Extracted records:
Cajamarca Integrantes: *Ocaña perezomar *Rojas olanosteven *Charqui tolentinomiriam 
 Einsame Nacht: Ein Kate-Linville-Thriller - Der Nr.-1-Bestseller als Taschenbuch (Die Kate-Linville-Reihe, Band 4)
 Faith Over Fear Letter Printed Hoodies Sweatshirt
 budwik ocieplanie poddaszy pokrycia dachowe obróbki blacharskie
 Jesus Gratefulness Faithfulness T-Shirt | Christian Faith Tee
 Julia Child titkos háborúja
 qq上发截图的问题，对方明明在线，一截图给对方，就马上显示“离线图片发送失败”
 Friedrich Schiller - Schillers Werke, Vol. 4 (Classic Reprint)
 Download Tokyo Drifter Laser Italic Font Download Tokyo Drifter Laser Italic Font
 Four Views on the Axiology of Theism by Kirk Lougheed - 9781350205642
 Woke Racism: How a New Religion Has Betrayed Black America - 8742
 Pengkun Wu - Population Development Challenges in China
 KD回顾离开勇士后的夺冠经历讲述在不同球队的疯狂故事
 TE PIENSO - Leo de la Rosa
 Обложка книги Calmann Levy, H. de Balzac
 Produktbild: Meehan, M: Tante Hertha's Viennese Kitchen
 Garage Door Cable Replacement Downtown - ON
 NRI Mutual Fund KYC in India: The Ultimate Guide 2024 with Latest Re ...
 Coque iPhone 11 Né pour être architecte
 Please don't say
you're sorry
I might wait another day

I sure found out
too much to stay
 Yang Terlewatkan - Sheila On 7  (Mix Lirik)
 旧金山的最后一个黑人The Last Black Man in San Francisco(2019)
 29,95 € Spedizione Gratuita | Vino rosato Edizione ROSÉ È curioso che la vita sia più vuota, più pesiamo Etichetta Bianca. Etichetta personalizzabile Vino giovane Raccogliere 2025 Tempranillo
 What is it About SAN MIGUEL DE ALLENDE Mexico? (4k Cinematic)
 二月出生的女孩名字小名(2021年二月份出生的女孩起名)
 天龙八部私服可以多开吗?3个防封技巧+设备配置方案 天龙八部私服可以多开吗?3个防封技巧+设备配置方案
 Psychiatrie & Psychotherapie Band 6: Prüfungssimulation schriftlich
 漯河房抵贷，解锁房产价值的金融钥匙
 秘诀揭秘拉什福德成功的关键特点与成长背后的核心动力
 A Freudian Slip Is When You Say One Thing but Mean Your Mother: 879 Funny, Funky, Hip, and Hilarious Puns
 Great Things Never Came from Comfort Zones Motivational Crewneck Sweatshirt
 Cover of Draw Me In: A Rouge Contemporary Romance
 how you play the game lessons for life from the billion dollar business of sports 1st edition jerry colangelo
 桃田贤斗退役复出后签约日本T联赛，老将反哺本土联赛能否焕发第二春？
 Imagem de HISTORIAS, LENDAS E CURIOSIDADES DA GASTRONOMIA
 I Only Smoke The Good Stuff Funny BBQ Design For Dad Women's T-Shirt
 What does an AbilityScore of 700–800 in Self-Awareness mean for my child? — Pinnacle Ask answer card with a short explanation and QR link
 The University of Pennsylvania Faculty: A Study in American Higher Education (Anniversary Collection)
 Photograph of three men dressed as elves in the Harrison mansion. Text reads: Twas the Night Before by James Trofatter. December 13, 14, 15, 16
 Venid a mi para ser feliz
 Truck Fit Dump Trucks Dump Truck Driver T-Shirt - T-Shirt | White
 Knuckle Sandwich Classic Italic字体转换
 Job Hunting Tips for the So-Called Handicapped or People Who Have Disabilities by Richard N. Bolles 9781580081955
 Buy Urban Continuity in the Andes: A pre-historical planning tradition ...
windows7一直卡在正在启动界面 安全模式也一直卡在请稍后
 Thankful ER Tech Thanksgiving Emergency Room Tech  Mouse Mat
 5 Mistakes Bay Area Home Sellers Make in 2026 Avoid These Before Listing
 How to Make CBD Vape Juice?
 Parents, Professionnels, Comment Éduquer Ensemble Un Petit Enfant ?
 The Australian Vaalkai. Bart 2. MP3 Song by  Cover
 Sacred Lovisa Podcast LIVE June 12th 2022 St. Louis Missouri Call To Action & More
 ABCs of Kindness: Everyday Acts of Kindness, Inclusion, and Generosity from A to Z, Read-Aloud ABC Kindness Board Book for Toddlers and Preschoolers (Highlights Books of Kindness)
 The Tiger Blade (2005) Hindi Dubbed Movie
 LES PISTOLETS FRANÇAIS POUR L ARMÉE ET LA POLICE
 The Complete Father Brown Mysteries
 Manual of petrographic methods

=== Work task ===
Among the records above, only the lines between the line holding "A Freudian Slip" and the line holding "What does an", inclusive, are to be output, exactly as written.

=== Result of the task ===
 A Freudian Slip Is When You Say One Thing but Mean Your Mother: 879 Funny, Funky, Hip, and Hilarious Puns
 Great Things Never Came from Comfort Zones Motivational Crewneck Sweatshirt
 Cover of Draw Me In: A Rouge Contemporary Romance
 how you play the game lessons for life from the billion dollar business of sports 1st edition jerry colangelo
 桃田贤斗退役复出后签约日本T联赛，老将反哺本土联赛能否焕发第二春？
 Imagem de HISTORIAS, LENDAS E CURIOSIDADES DA GASTRONOMIA
 I Only Smoke The Good Stuff Funny BBQ Design For Dad Women's T-Shirt
 What does an AbilityScore of 700–800 in Self-Awareness mean for my child? — Pinnacle Ask answer card with a short explanation and QR link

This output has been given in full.